Russell Blackford is editor-in-chief of The Journal of Evolution and Technology and a Fellow of the Institute for Ethics and Emerging Technologies. [2]
Parijata Mackey is an undergraduate at the University of Chicago, and an Intern with the Institute for Ethics and Emerging Technologies.
Warning: Advances in technology are closer than they appear.

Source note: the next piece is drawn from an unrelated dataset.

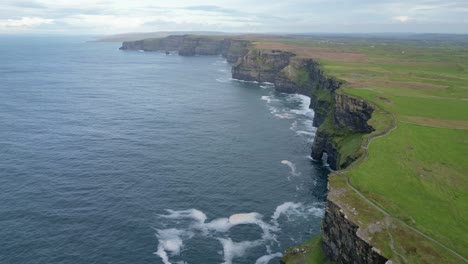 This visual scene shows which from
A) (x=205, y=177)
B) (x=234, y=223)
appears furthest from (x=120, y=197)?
(x=234, y=223)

The doubling rate of medical knowledge is three years – that is, the next three years of medical research will yield as much knowledge as has been yielded in all of human history. The next three years will double our knowledge again, and again, and so on. This exponential growth in knowledge will rapidly enable us to eradicate disease and radically improve the human condition.
Indeed, we will be able to look beyond curing the sick, towards a future in which we make ourselves more than healthy.
We will be able to enhance our memory and our intellectual capacity. We will use technology to make ourselves faster, more efficient, and radically longer-lived. We will be able to augment our physical strength, stamina, and resistance to disease. We might enhance specific skills, such as visual acuity or musical talent.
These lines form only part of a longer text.